Swedish women's rights activist

Charlotta Maria Thérèse Lizinka Dyrssen, née af Ugglas (28 July 1866 – 9 September 1952), was a Swedish women's rights activist. She served as chairperson of the Swedish Red Cross 1902–1906, the Stockholm branch of the National Association for Women's Suffrage in 1909–1910, the Moderate Association for Women's Suffrage in 1917–1921, the Fredrika Bremer Association in 1921–1937, and the Moderate Women.

Dyrssen was born to Baron Gustaf af Ugglas and Thérèse Björnstjerna, and married Admiral and Naval Minister Wilhelm Dyrssen (1858–1929) in 1888. She was mother to Gustaf Dyrssen (1891–1981) and Magnus Dyrssen (1894–1940). She died on 9 September 1952 in Stockholm.

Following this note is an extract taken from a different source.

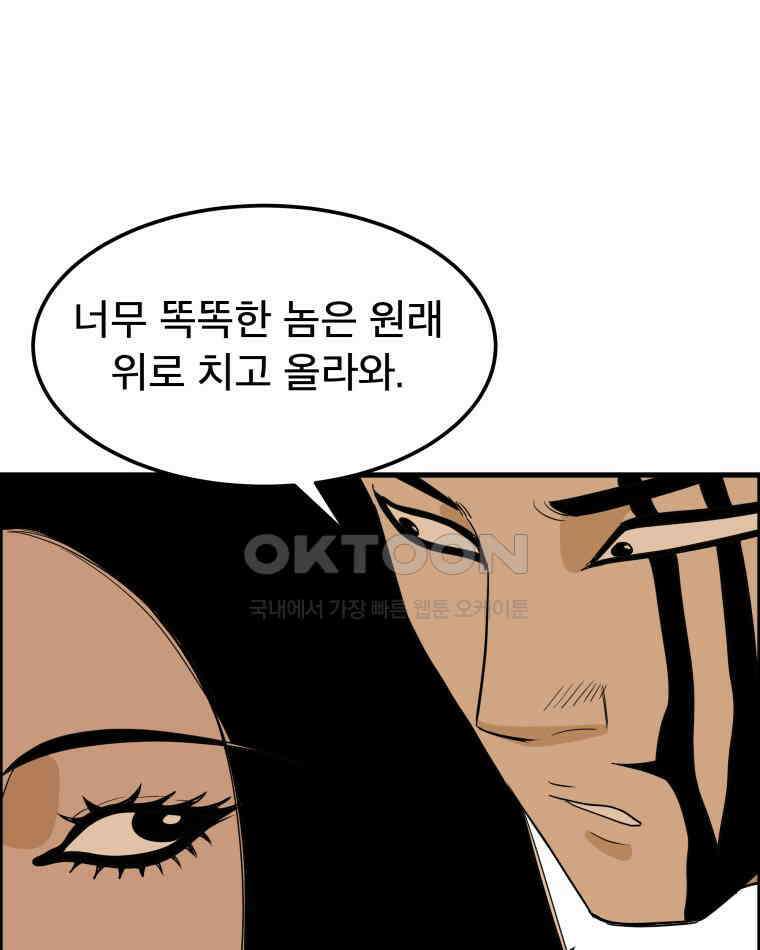 도깨비언덕에 왜 왔니? 2부 해수 166 81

She was awarded the Illis quorum, medals from the German, Austrian, and Polish Red Cross organizations, the Finnish Cross of Liberty, fourth class; and the Swedish volunteer health service.

== Sources ==

- Wallberg, Evabritta (2005). "Unionsåret 1905 – dramatik och vardag: två brevväxlingar : Wilhelm och Lizinka Dyrssen, Joachim och Martina Åkerman"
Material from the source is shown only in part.